O tom mantém-se nessa vibe, você nunca sabe o que virá depois. Burton vai apresentando como uma fábula, Edward é um personagem fabuloso, ele tem uma inocência e uma bondade gigantesca, nisso fazendo com que todos à sua volta se encantem por ele, futuramente termina com que ele seja caçado até a morte. A construção que o diretor faz é magnífica, você vai acompanhando lentamente a jornada deste homem, como as pessoas se fascinam por ele, pelo seu talento, como ele vai tendo uma aceitação de si mesmo e parando de enxergar as mãos de tesoura como uma falha, mas sim como um diferencial, transformando-o em um habilidoso escultor e cabeleireiro. Essa jornada também passa pela sua relação com a população daquela área, o longa se passa em meados da década de 60, na época onde a televisão era novidade e a moda feminina era ser uma dondoca, e Edward, com seu dom para cortar cabelo, acaba-se tornando um fenômeno naquela área, fazendo até com que ele, que seria considerado uma aberração pelo preconceito da sociedade, ficasse até desejado pelas mulheres da rua.

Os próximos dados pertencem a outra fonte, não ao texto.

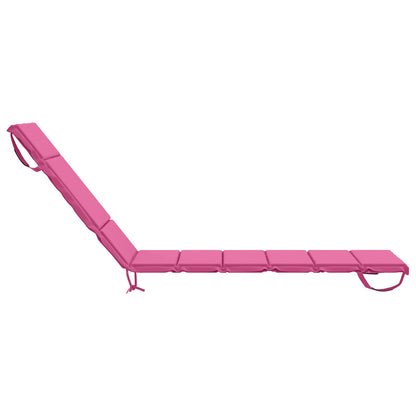 Cuscino per Lettino GEMERT 100% Poliestere Rosa 200 x 50 x 3 cm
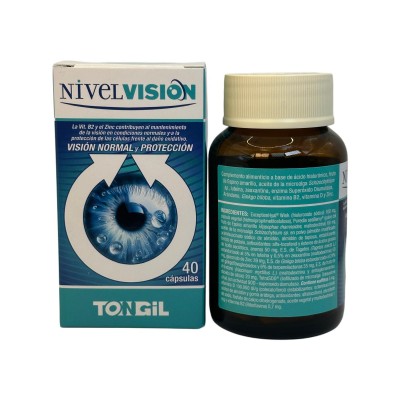 NIVELVISIÓN (Visión y Protección) 40 Cápsulas de Tongil Tongil H34 Ojos, visión salud.bio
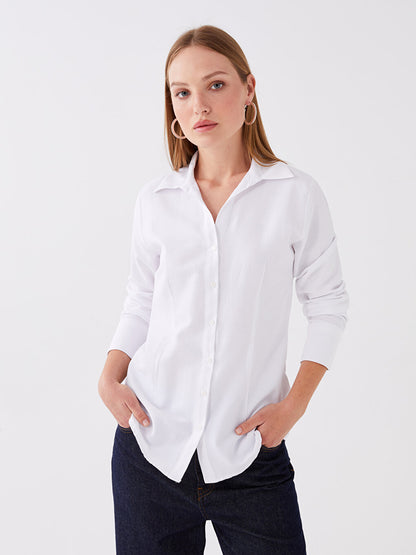 Plain Long Sleeve Women's Shirt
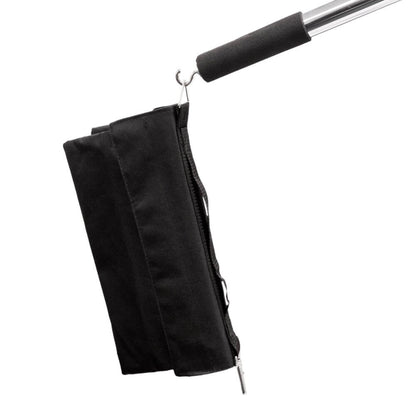 Telescopic Boom Arm with Counterbalance Sandbag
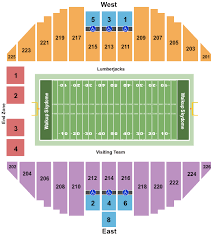 Buy Northern Arizona Lumberjacks Tickets Seating Charts For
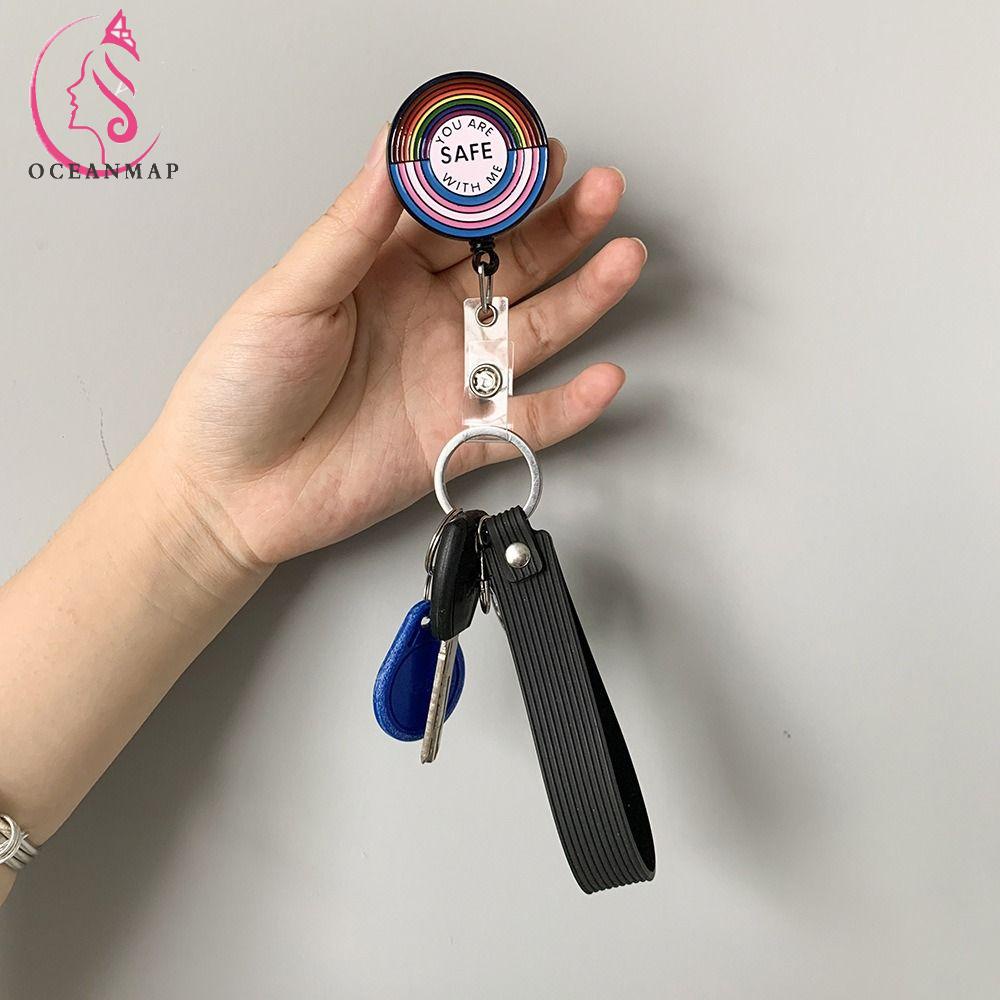 OCEANMAP Ghim Cài Áo Hình Lá Cờ Cầu Vồng LGBT Bằng Hợp Kim Tinh Tế Cá Tính Làm Quà Tặng Cho Bạn Nữ An Toàn Vớ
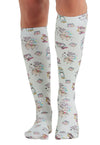 Llama Take A Selfie - Knee High 8-15 mmHg Compression Sock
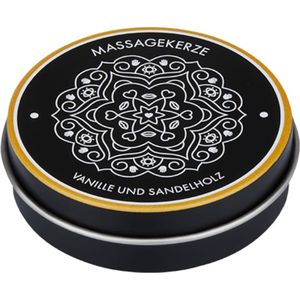 'Massagekaars - vanille en sandelhout', 43 ml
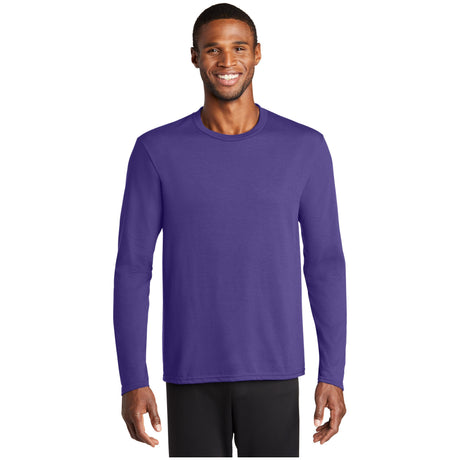 Port & Company® Long Sleeve Performance Blend Tee PC381LS T-Shirts Port & Company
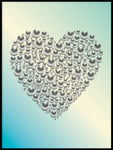 Poster: Heart, turkos, av GaboDesign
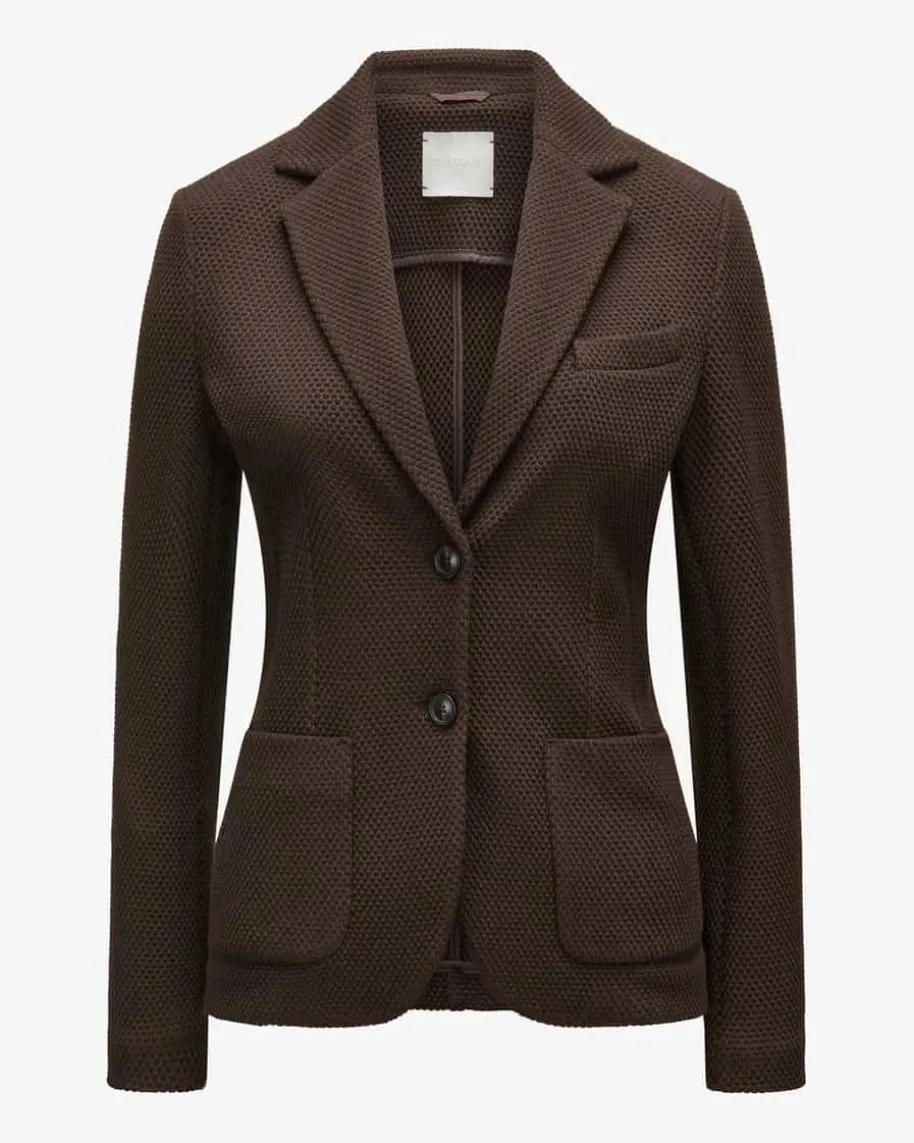 Blazer Slim Fit aus Schurwoll-Mix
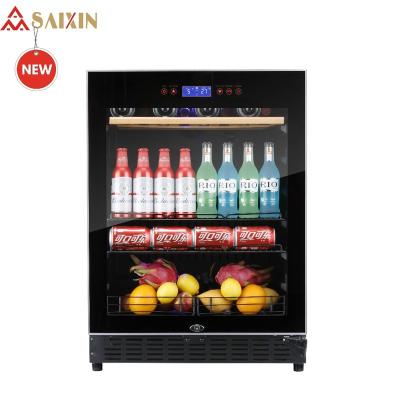 China New Beverage Cooler 126 Boxes SRW-54S Full Glass Door Touch Button 154L for sale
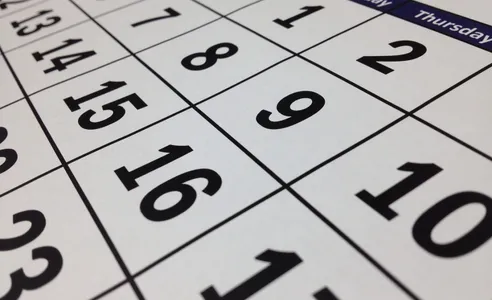Calendar, date, time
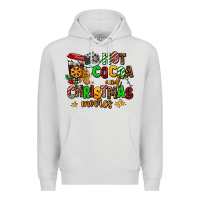 Dove Grey hot cocoa and christmas movies Premium Hoodie - AdoDesignShop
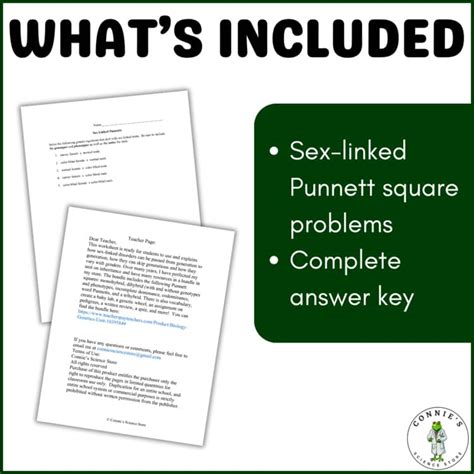 Sex Linked Traits Worksheet Colorblindness Genetics Practice Grade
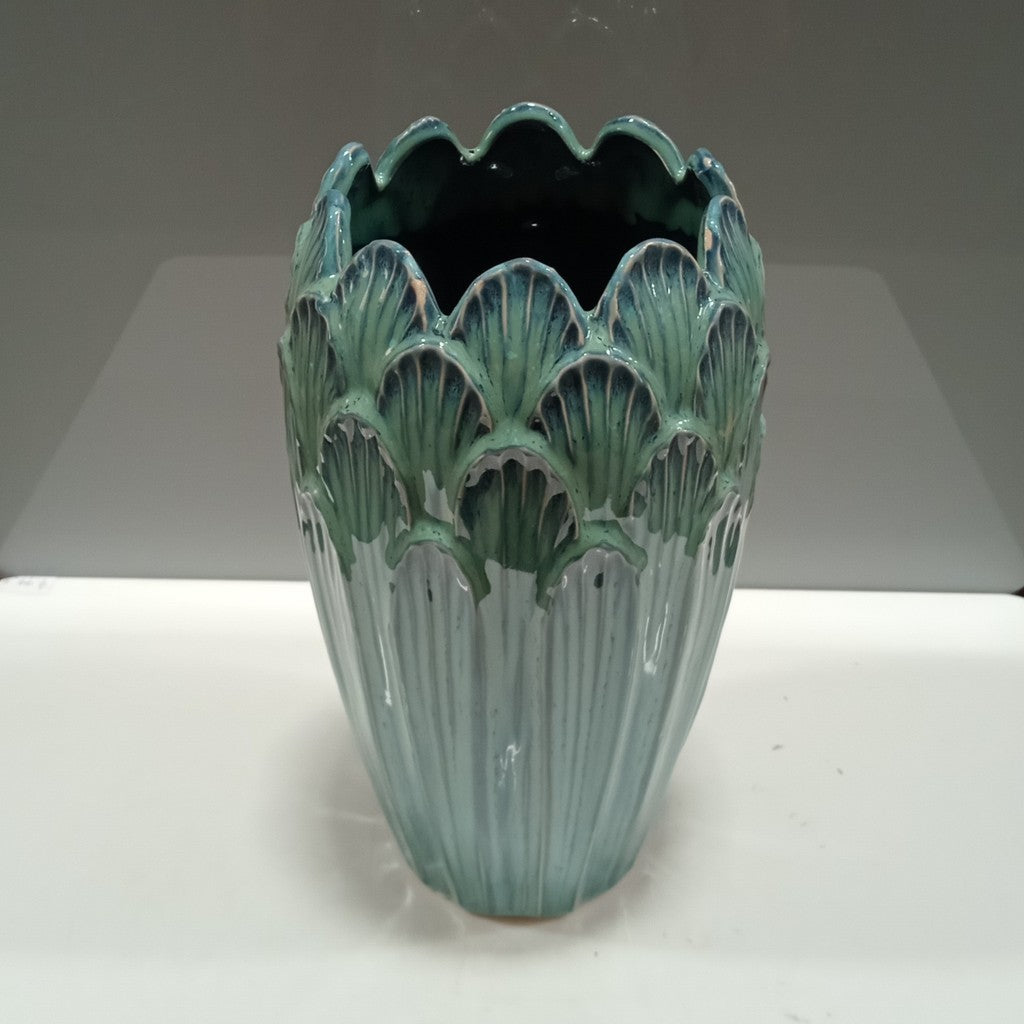 Vaso Azul em Cerâmica – Decoração Sofisticada | Alma & Casa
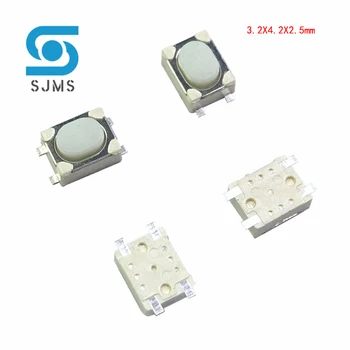 20pcs 3.2*4.2*2.5 mm Per Posted / SMD 12V 50MA Mygtukas Jungiklis Metalo Lytėjimo Micro Touch Tact Switch Interrupteur Tablette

Como já citei, Edward é um tanto quanto inocente, e é isso que o torna um personagem interessante. Sua ingenuidade dá este tom de fábula ao mesmo tempo que é por isso que surge a comicidade na narrativa, tendo situações onde ele é colocado e não sabe como agir. É isto que eu acho sensacional sobre este filme, a subversão de expectativa, pois imagine se não existisse a obra e surgissem com a ideia de um personagem com lâminas ao invés das mãos? Claramente hoje em dia seria um slasher dos bem vagabundos, e é essa a natureza do pensamento, facas e tesouras remetem espontaneamente à violência, e transformar esse conceito deste personagem num homem extremamente bondoso e puro. Até quando Edward comete erros, não é por querer ou sem necessidade, no final ele acaba matando o antagonista, Jim (Anthony Michael Hall), porque era a única coisa a se fazer.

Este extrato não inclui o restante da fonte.